DATA FOR PROCESSING:
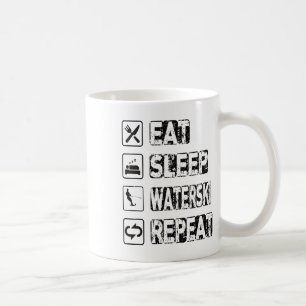 Caneca De Café Comer Dormir Esqui Aquático Repetir Esqui Aquático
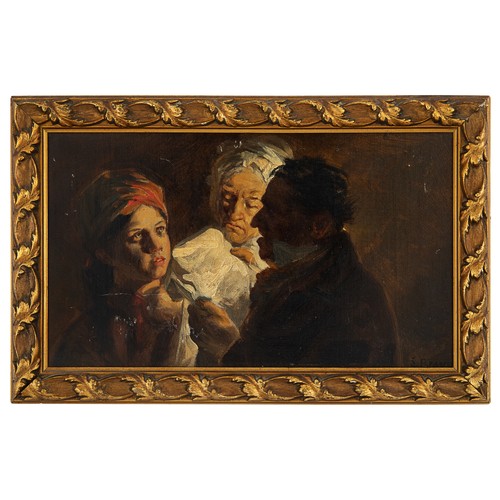 383 - Property of a GentlemanCircle of Honoré DaumierCirca 1860A candlelit sceneOil on artist's boardSigne... 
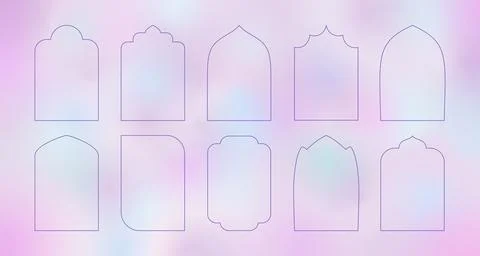 Islamic arc, window, door, frame. Ramadan kareem editable outline arches. Mosque Stock Illustration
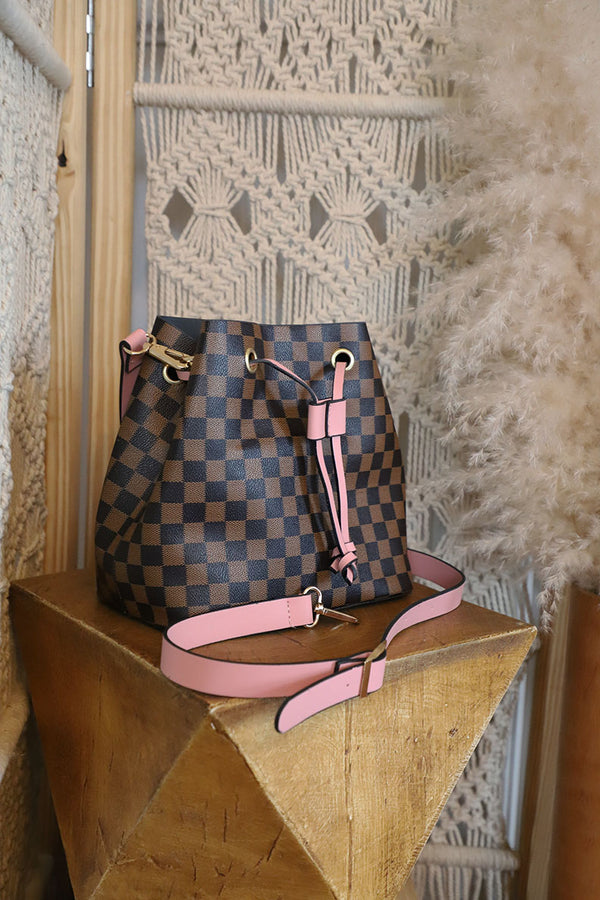 The Luxe Checkered Bucket Bag - Brown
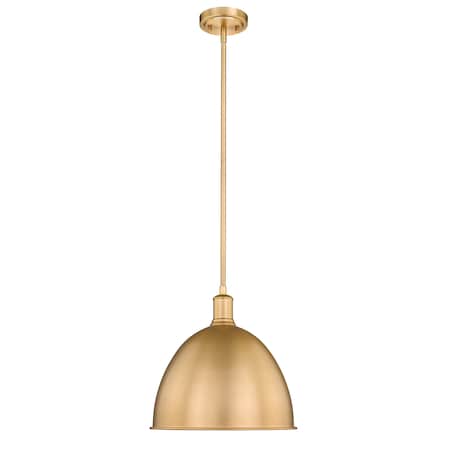 Z-Lite Sawyer 1 Light Pendant, Classic Brass & Classic Brass 4500P12-CB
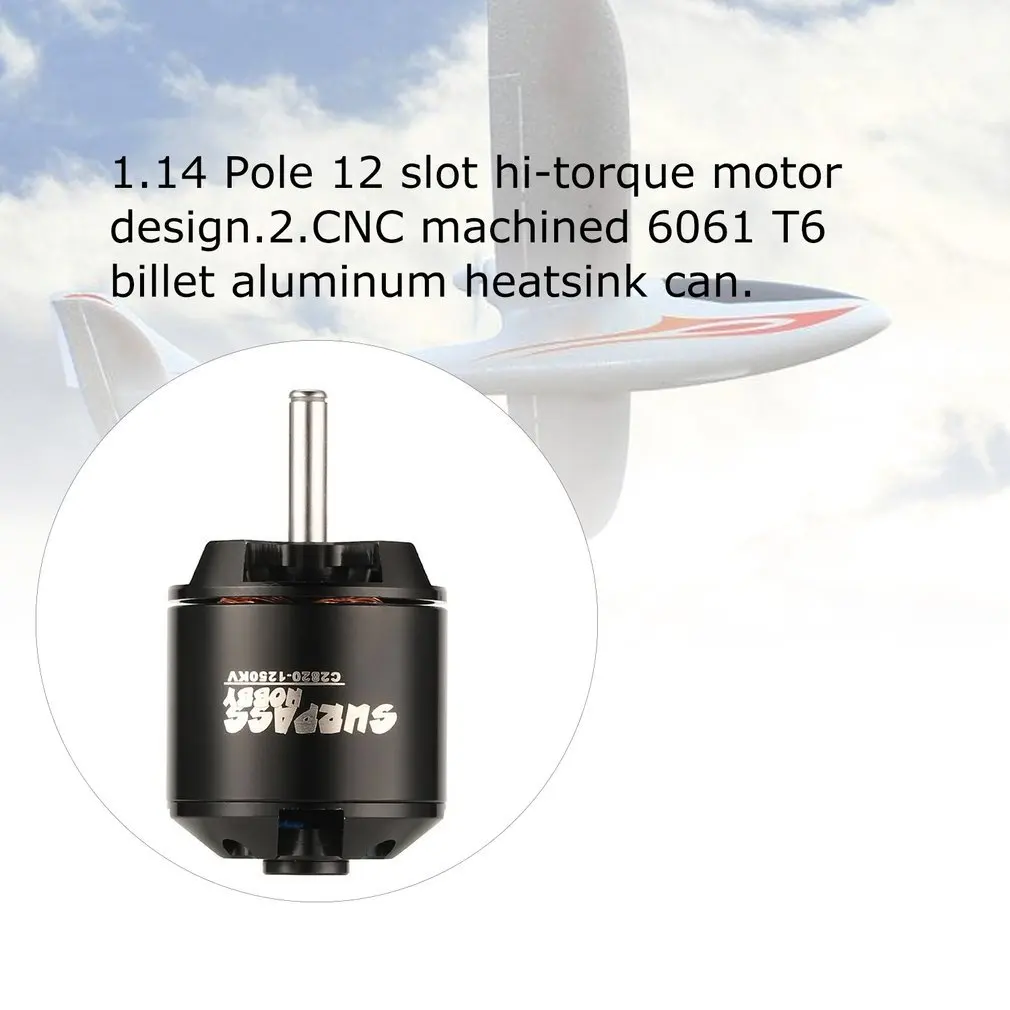 

SURPASS HOBBY 2820 1250KV 14 Poles Brushless Motor For RC FPV Fixed Wing Glide Drone Airplane Aircraft Plane Warbirds Parts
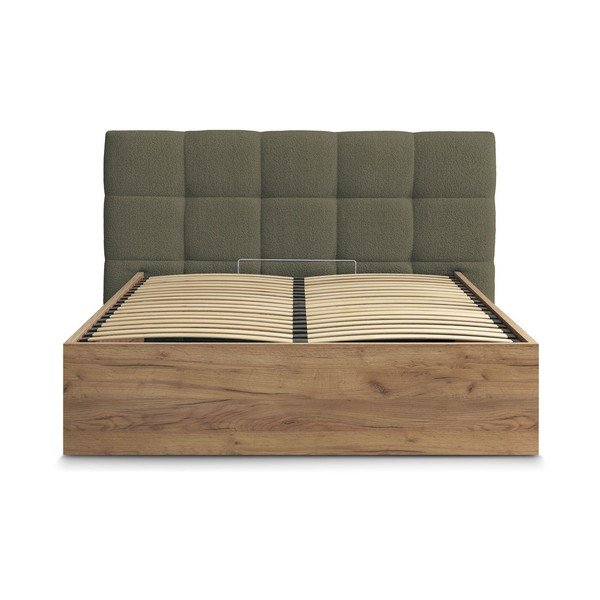 Pat matrimonial verde tapițat/din  placă aglomerată de lemn tapițat cu spațiu de depozitare cu somieră 160x200 cm Kumo – Bobochic Paris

TASK PROMPT:
Would you please retype all the data exactly? Leave out whatever pictures it holds.

REPLY TO THE TASK:
 Caneca De Café Comer Dormir Esqui Aquático Repetir Esqui Aquático
 383 - Property of a GentlemanCircle of Honoré DaumierCirca 1860A candlelit sceneOil on artist's boardSigne... 
 Islamic arc, window, door, frame. Ramadan kareem editable outline arches. Mosque Stock Illustration
 The Luxe Checkered Bucket Bag - Brown
 Z-Lite Sawyer 1 Light Pendant, Classic Brass & Classic Brass 4500P12-CB

SURPASS HOBBY 2820 1250KV 14 Poles Brushless Motor For RC FPV Fixed Wing Glide Drone Airplane Aircraft Plane Warbirds Parts
 Pat matrimonial verde tapițat/din  placă aglomerată de lemn tapițat cu spațiu de depozitare cu somieră 160x200 cm Kumo – Bobochic Paris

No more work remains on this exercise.